Data for review Start Marker

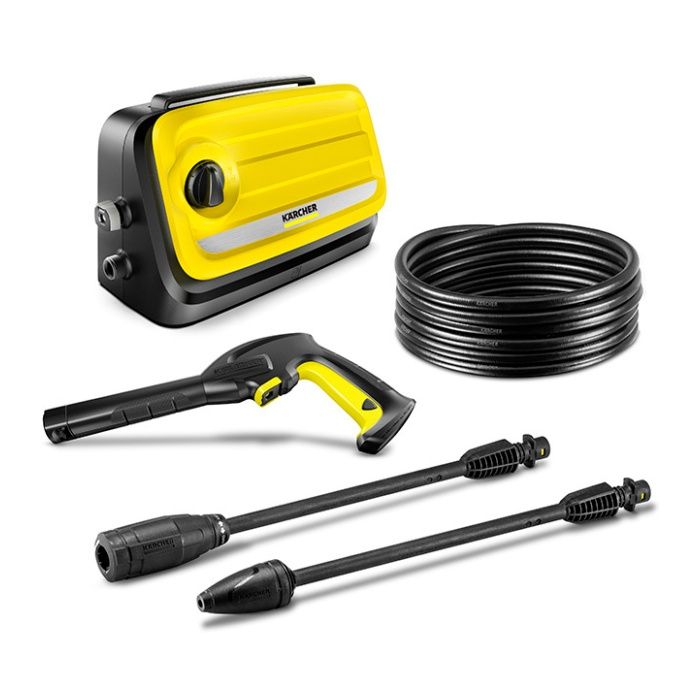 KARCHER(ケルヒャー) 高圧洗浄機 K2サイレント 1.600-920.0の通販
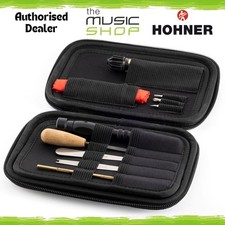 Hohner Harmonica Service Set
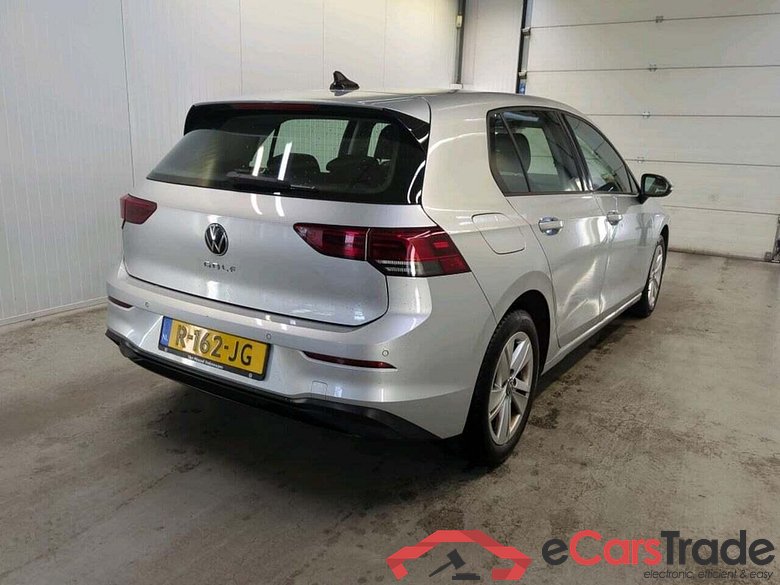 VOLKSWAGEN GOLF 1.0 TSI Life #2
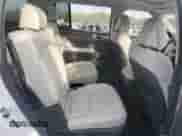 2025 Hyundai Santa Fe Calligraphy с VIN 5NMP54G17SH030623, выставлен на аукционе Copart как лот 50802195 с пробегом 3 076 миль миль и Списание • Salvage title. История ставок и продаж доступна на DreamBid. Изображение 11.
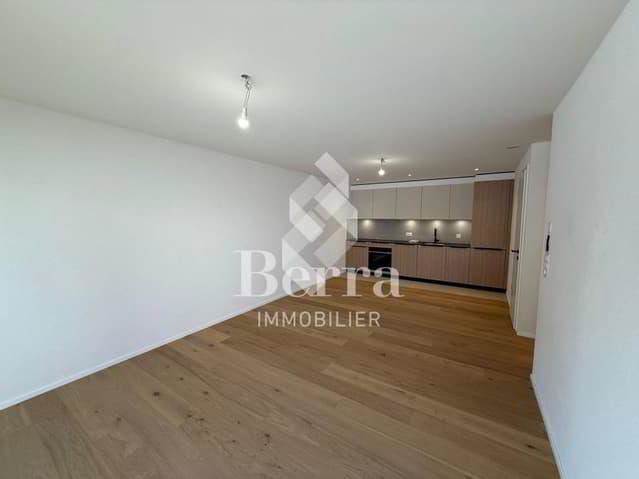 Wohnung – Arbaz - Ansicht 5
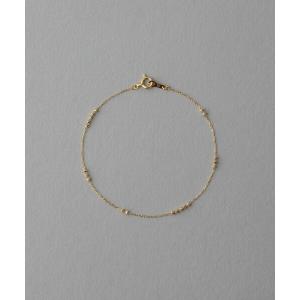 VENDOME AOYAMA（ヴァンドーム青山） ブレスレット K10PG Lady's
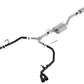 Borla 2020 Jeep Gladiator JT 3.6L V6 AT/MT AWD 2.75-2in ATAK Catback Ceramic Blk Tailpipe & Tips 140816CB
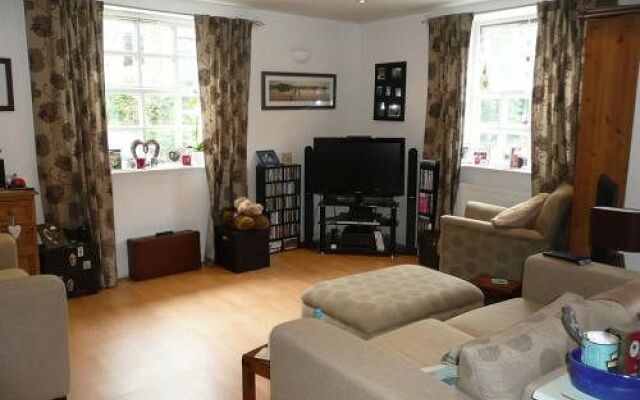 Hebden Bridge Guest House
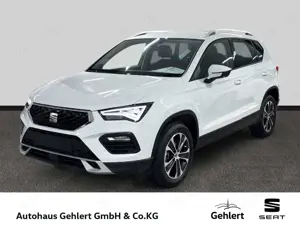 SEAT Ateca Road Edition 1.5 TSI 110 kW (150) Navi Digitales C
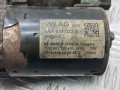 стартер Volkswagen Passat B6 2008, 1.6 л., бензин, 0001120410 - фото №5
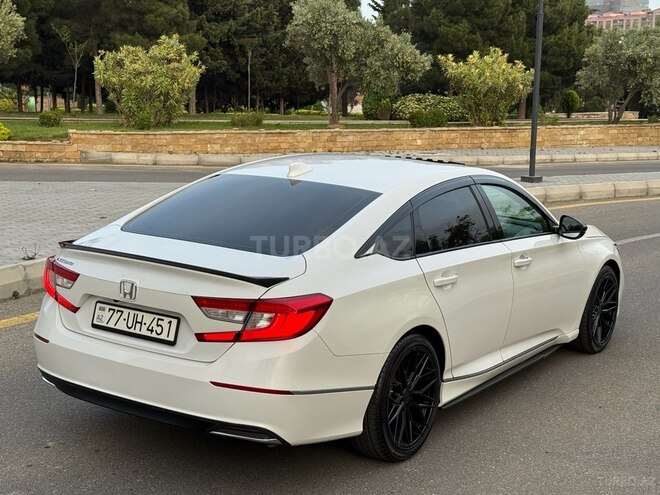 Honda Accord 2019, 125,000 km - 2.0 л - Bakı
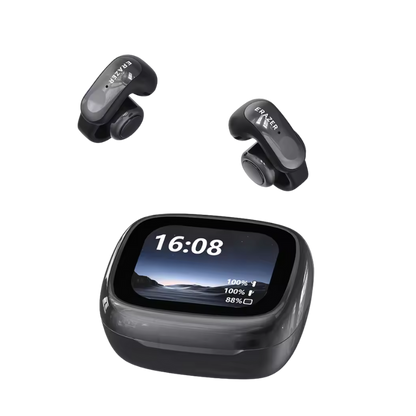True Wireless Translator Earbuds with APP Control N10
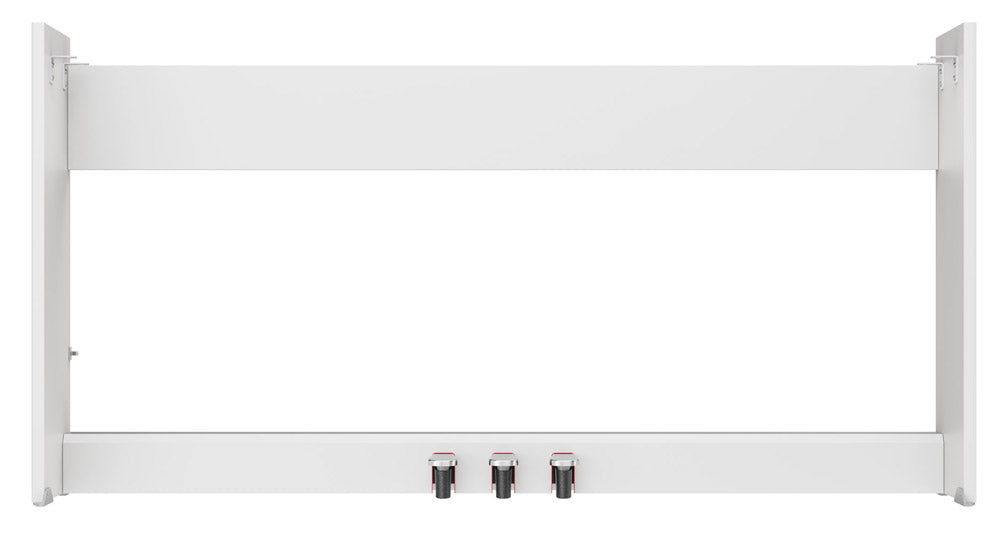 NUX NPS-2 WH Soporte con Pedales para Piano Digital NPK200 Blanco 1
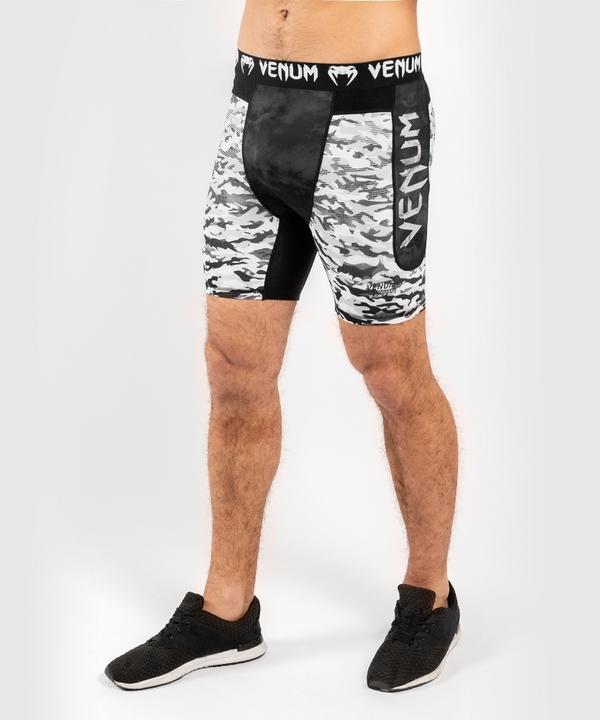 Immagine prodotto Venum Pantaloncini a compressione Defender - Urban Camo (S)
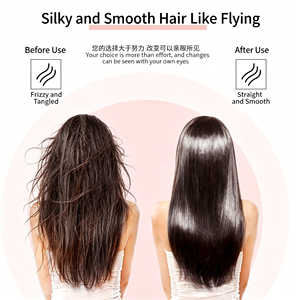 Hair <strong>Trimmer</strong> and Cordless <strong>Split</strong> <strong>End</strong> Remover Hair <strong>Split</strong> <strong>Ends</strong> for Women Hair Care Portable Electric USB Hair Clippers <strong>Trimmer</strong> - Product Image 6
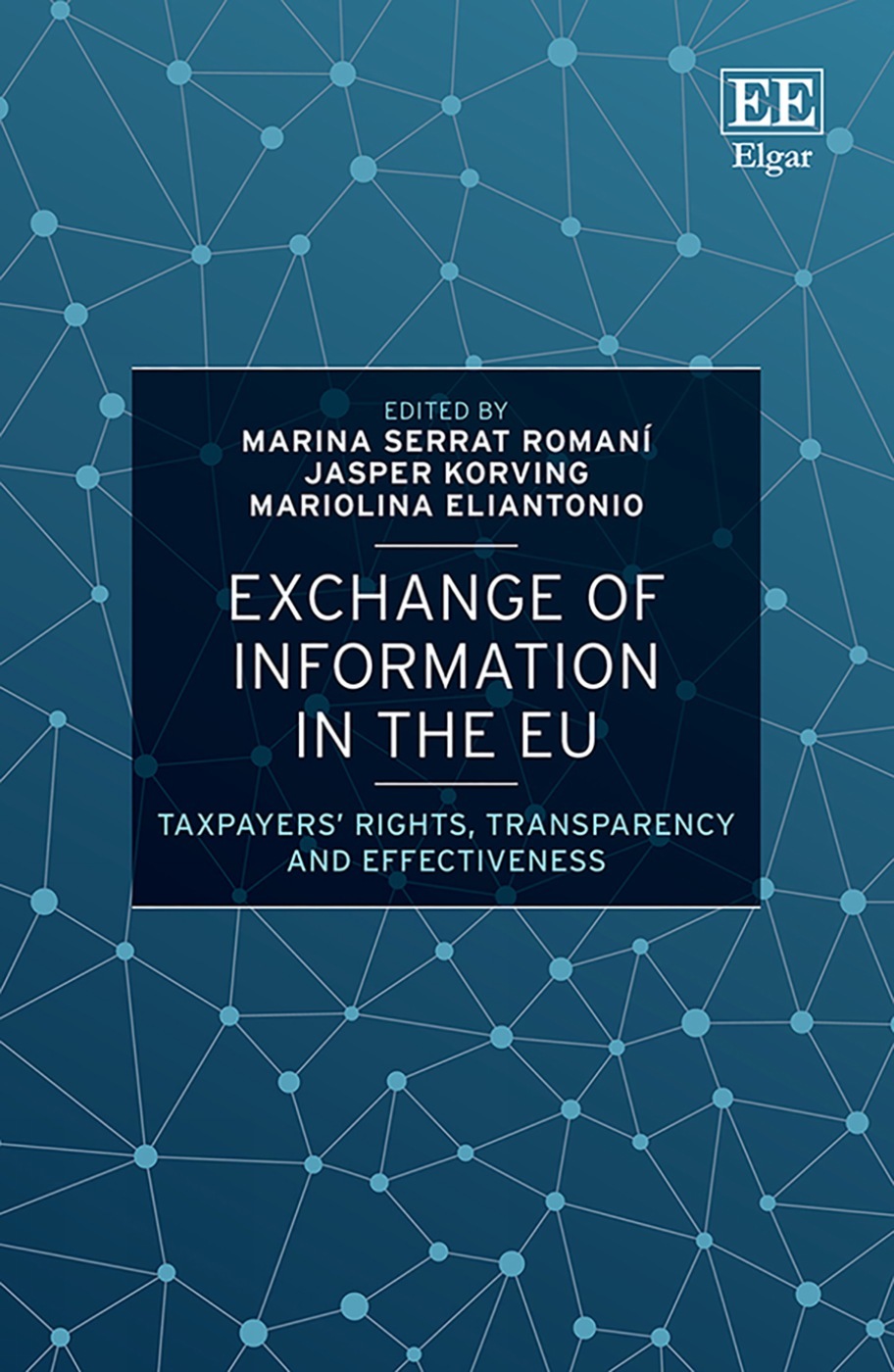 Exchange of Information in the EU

Data for review End Marker

(Exercise requirements) Transcribe each line above verbatim, with the pictures left out.

(Response)
 KARCHER(ケルヒャー) 高圧洗浄機 K2サイレント 1.600-920.0の通販
 Hohner Harmonica Service Set
 VOLKSWAGEN GOLF 1.0 TSI Life #2
 2025 Hyundai Santa Fe Calligraphy с VIN 5NMP54G17SH030623, выставлен на аукционе Copart как лот 50802195 с пробегом 3 076 миль миль и Списание • Salvage title. История ставок и продаж доступна на DreamBid. Изображение 11.
 Wohnung – Arbaz - Ansicht 5
 VENDOME AOYAMA（ヴァンドーム青山） ブレスレット K10PG Lady's
 Borla 2020 Jeep Gladiator JT 3.6L V6 AT/MT AWD 2.75-2in ATAK Catback Ceramic Blk Tailpipe & Tips 140816CB
 Hebden Bridge Guest House
 SEAT Ateca Road Edition 1.5 TSI 110 kW (150) Navi Digitales C
 стартер Volkswagen Passat B6 2008, 1.6 л., бензин, 0001120410 - фото №5
 Honda Accord 2019, 125,000 km - 2.0 л - Bakı
True Wireless Translator Earbuds with APP Control N10
 NUX NPS-2 WH Soporte con Pedales para Piano Digital NPK200 Blanco 1
 Immagine prodotto Venum Pantaloncini a compressione Defender - Urban Camo (S)
 Hair <strong>Trimmer</strong> and Cordless <strong>Split</strong> <strong>End</strong> Remover Hair <strong>Split</strong> <strong>Ends</strong> for Women Hair Care Portable Electric USB Hair Clippers <strong>Trimmer</strong> - Product Image 6
 Exchange of Information in the EU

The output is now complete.